Mon expérience en tant que dresseur m’a prouvé qu’à côté du combat de pokémons se déroule ce que je nomme le duel psychologique. Il concerne les dresseurs et leur habileté à diriger leurs compagnons. Parfois ce duel est inconscient ou inexistant. Il peut se finir avant le début d’un match ou se poursuivre longtemps après. Toute provocation ou action surprenante peut être considérée comme une attaque psychologique portée contre son adversaire.

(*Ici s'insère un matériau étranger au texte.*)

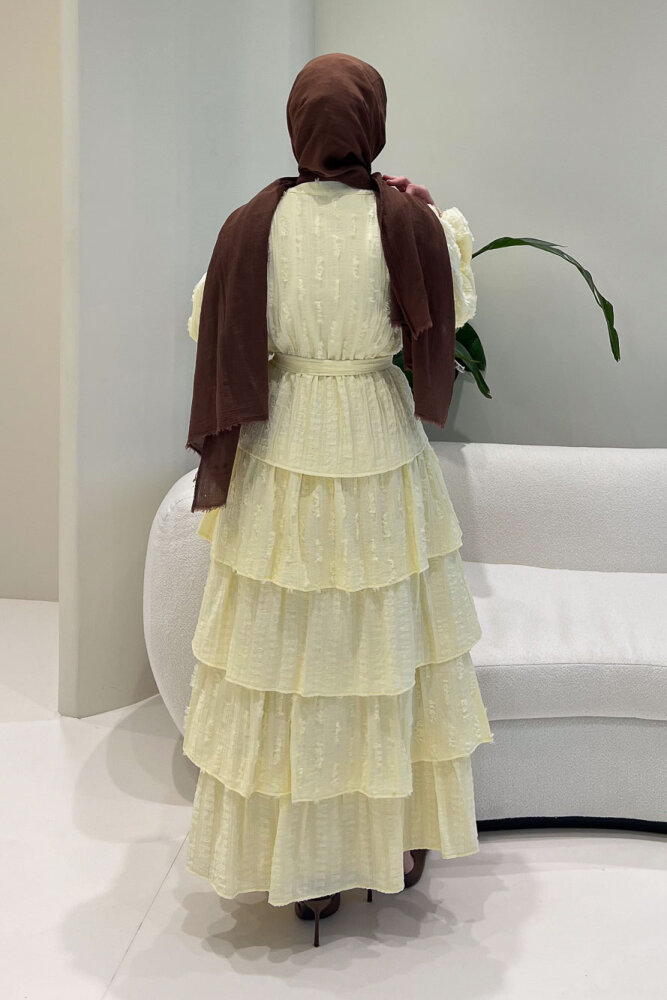 Acelia Kat Kat Volanlı Elbise - Bej - 10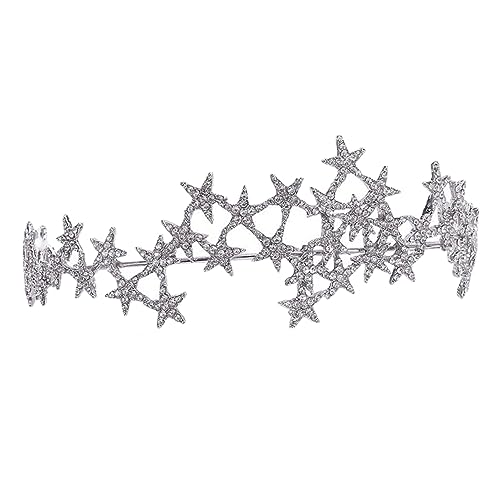 Veemoon Silberne Brautkrone mit Funkelndem Haarschmuck für Damen Wiederverwendbar Leicht Geeignet für Hochzeit Geburtstag Party und Festliche Anlässe von Veemoon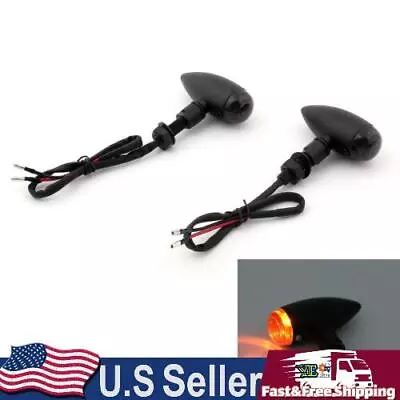 $24.99 • Buy 2x Black Bullet Turn Signal Light For Softail Dyna Sportster V-Rod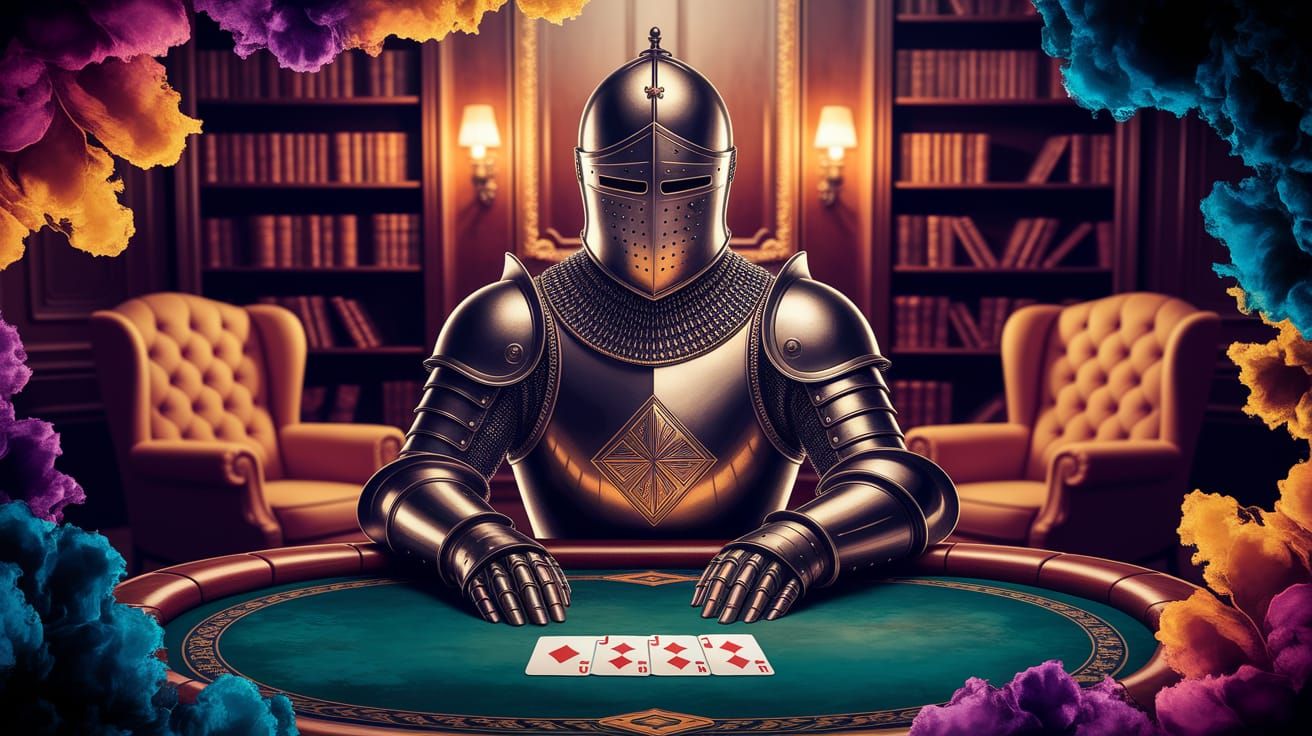 Jack of Diamonds in Armor on Poker Table, Alcohol Ink Style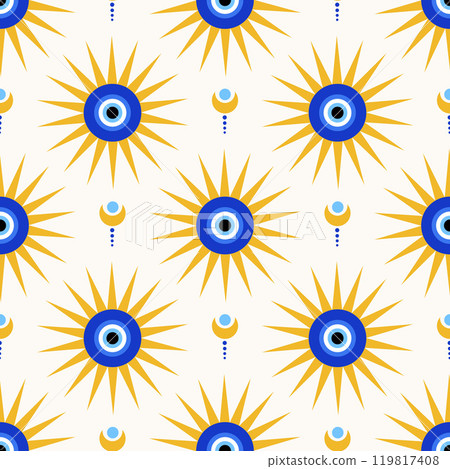 Evil eye seamless pattern. Greek and Turkish blue magic bead. Vector background with nazar - symbol of protection and luck. Mystic and spiritual talisman wallpaper Evil eye seamless pattern. Greek and Turkish blue magic bead. Vector background with nazar - symbol of protection and luck. Mystic and spiritual talisman wallpaper 119817408
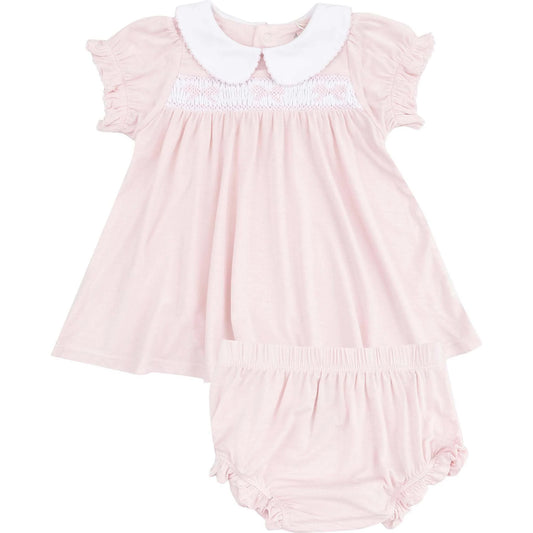 Angel Dear Classic Pink Smocked Peterpan Collar Dress + Bloomer Set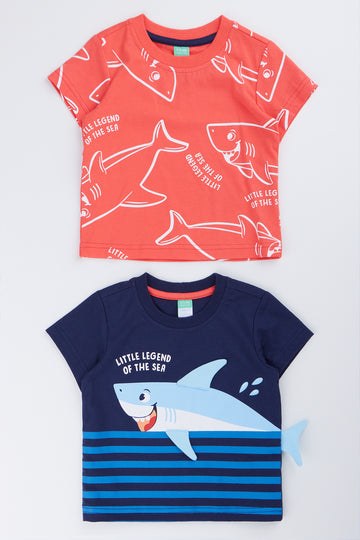 2 Pack Shark Print T-Shirt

Je ne dis pas que perdre ce duel mental mène inévitablement à la défaite. En tout cas, il participe à la déconcentration du dresseur, à sa perte de réactivité, de sang-froid, d’esprit d’analyse et provoque une multiplication des erreurs. La plupart du temps, j’évite de perdre cet affrontement, parce que j’ai conscience qu’il existe et qu’il a des conséquences sur l’issue d’un combat. Mais pas cette fois-ci.
Cette confrontation me rappela la première règle en combat pokémon, la plus simple, la plus évidente : parfois on perd.